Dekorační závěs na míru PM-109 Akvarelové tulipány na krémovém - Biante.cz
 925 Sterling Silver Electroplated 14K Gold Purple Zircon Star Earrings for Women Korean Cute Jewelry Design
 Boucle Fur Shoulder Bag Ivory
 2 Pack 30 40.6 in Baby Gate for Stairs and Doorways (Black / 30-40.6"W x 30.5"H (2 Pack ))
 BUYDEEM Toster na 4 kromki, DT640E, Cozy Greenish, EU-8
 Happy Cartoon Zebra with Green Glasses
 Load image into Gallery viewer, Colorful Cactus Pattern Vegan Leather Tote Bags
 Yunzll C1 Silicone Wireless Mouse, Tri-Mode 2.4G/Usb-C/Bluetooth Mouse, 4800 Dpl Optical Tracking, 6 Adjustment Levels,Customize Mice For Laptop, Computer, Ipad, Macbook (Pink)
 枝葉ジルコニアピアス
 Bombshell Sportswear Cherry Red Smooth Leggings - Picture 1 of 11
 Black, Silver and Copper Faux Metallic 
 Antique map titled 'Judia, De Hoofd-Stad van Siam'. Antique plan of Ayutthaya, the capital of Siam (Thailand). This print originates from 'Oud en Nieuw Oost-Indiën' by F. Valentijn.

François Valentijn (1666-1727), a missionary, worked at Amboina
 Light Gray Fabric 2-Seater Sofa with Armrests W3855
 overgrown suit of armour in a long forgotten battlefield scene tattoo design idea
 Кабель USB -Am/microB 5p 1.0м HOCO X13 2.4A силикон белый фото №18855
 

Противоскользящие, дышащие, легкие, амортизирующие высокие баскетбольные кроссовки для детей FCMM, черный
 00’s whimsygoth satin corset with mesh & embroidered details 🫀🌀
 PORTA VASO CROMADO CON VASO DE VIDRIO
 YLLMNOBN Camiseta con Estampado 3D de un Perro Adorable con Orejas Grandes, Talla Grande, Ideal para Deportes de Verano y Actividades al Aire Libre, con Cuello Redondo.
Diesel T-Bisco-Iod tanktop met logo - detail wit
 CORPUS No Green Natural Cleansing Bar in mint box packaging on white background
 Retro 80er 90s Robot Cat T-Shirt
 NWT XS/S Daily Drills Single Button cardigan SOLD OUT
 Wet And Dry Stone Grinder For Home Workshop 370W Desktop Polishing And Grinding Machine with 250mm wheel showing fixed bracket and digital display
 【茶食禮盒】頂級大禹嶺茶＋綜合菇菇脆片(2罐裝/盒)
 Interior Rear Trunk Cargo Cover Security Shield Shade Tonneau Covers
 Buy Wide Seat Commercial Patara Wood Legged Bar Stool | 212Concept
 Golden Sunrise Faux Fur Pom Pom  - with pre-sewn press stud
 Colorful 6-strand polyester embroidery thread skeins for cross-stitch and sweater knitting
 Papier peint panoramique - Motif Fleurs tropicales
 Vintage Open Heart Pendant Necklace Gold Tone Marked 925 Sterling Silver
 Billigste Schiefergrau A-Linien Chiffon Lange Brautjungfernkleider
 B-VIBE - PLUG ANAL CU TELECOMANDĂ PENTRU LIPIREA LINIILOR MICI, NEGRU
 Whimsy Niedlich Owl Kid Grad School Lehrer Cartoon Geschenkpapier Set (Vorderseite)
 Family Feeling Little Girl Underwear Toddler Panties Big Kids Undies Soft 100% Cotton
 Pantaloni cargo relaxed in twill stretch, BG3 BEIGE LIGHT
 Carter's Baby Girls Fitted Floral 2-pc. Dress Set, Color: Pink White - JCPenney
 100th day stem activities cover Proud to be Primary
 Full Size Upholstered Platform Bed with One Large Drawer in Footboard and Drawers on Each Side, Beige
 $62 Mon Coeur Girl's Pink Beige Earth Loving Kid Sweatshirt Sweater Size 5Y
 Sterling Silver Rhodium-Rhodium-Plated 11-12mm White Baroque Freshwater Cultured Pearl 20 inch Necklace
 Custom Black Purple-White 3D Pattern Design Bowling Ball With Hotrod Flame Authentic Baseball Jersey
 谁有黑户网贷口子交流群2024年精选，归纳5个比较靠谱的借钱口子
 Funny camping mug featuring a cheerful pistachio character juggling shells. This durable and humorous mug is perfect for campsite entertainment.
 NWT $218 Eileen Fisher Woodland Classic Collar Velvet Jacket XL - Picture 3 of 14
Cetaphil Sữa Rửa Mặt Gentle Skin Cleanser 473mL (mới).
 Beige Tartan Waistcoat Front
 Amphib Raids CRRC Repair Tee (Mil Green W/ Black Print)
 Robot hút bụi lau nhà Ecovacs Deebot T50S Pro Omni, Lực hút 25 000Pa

==*==

[Assignment] Reproduce word for word the material above, beginning with the line that contains "Colorful 6-strand polyester" and ending with the line that contains "Full Size Upholstered".

[Result of this task]
 Colorful 6-strand polyester embroidery thread skeins for cross-stitch and sweater knitting
 Papier peint panoramique - Motif Fleurs tropicales
 Vintage Open Heart Pendant Necklace Gold Tone Marked 925 Sterling Silver
 Billigste Schiefergrau A-Linien Chiffon Lange Brautjungfernkleider
 B-VIBE - PLUG ANAL CU TELECOMANDĂ PENTRU LIPIREA LINIILOR MICI, NEGRU
 Whimsy Niedlich Owl Kid Grad School Lehrer Cartoon Geschenkpapier Set (Vorderseite)
 Family Feeling Little Girl Underwear Toddler Panties Big Kids Undies Soft 100% Cotton
 Pantaloni cargo relaxed in twill stretch, BG3 BEIGE LIGHT
 Carter's Baby Girls Fitted Floral 2-pc. Dress Set, Color: Pink White - JCPenney
 100th day stem activities cover Proud to be Primary
 Full Size Upholstered Platform Bed with One Large Drawer in Footboard and Drawers on Each Side, Beige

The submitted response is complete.